To be honest, I'm drained so much right now that my legs actually ache when I'm sitting in a chair doing nothing. Pain medicine takes the intense ache away, but not the fatigue. Yesterday, I was so tired that I walked fewer than 1500 steps all day. My plan was to go for a walk after work. My wife suggested that we drive home and walk the dog. I argued a bit, but ultimately agreed. I didn't argue because I didn't want to walk the dog. I love going out for walks with the dog and my wife. I just knew that I was tired enough that I would fall asleep on the drive home and then be too tired to walk with my wife and the dog. And, that's exactly what happened.
I slept on the way home. Took another nap at home. Cooked dinner (reheated leftovers, to be honest). Watched some TV. And, went to bed.
Some Pink Floyd lyrics come to mind:
I gotta admit that I'm a little bit confused
Sometimes it seems to me as if I'm just being used
Gotta stay awake, gotta try and shake off this creeping malaise
If I don't stand my own ground, how can I find my way out of this maze?
I will pretend that earlier in this song that Pink Floyd didn't talk about an old man dying of cancer. That's not the part I was thinking about.
So, how can I find my way out of this maze?

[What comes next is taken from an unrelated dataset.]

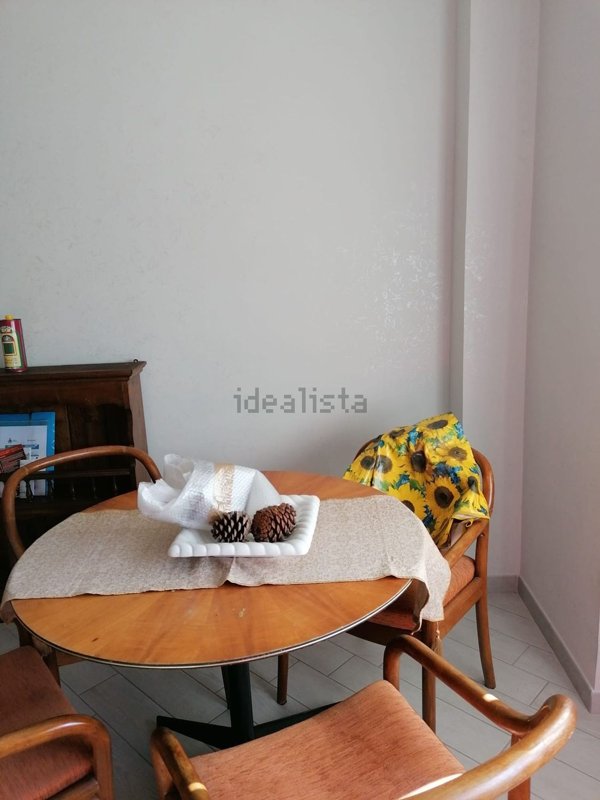 appartamento in affitto a Ladispoli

For now, I am trying the following:
- Take advantage of the dex. Exercise during chemo weeks when I'm feeling better.
- Modify the CrossFit workouts so that I can get through them without making things worse. I'm not making any apologies for scaling the workouts. I'm doing what I can.
- In my non-chemo weeks, do my best to do CF every other day. If I can go every other day, even at a lower level of effort, that should be enough to maintain some level of fitness.
- Take advantage of spring weather and walk as much as possible. This can be hard when my legs ache so much, but I have to make the effort.
- Listen to my body. Last night, sleep won over a walk. I simply need to accept that and move on. There is no sense beating myself up over something I can't control.
- Know that things will get better as chemo winds down.
- Know that every workout I do now will make my recovery from surgery go that much better.
- Focus on the little things now, knowing that the little things will add up to success in the big picture.
During my chemo a year ago, I was never this tired. I honestly assumed this chemo was going to be easier, not harder. My doctors have made it clear that this is a tough chemo and they think I'm doing great. It's only by my own warped standards that I'm struggling.
But, I will press on, train when I can, and appreciate those days that I feel good enough to train.